## Given information
........

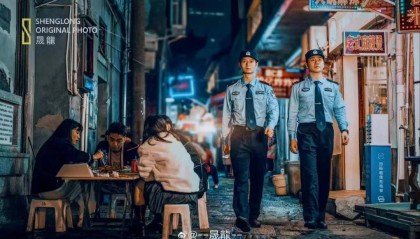 全网播放超12亿！它是怎么火的？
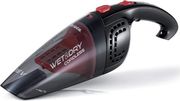 ariete skoypaki xeiros ygron kai stereon 2474 00 photo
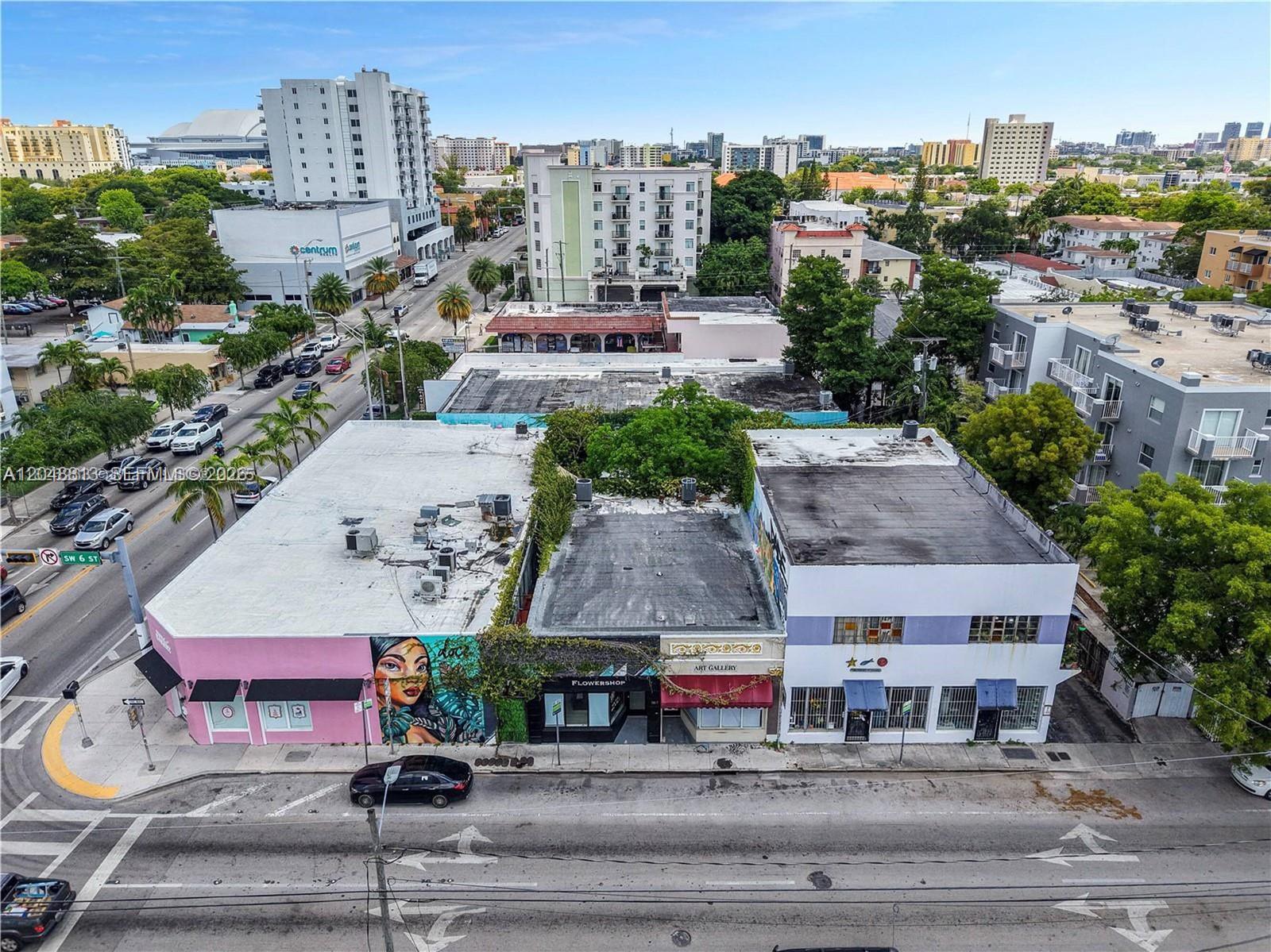 1157 SW 12th Ave # 1157, Miami FL 33130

........

## Exercise
Set the preceding data down again word for word, omitting images.

## Written solution
 全网播放超12亿！它是怎么火的？
 ariete skoypaki xeiros ygron kai stereon 2474 00 photo
 1157 SW 12th Ave # 1157, Miami FL 33130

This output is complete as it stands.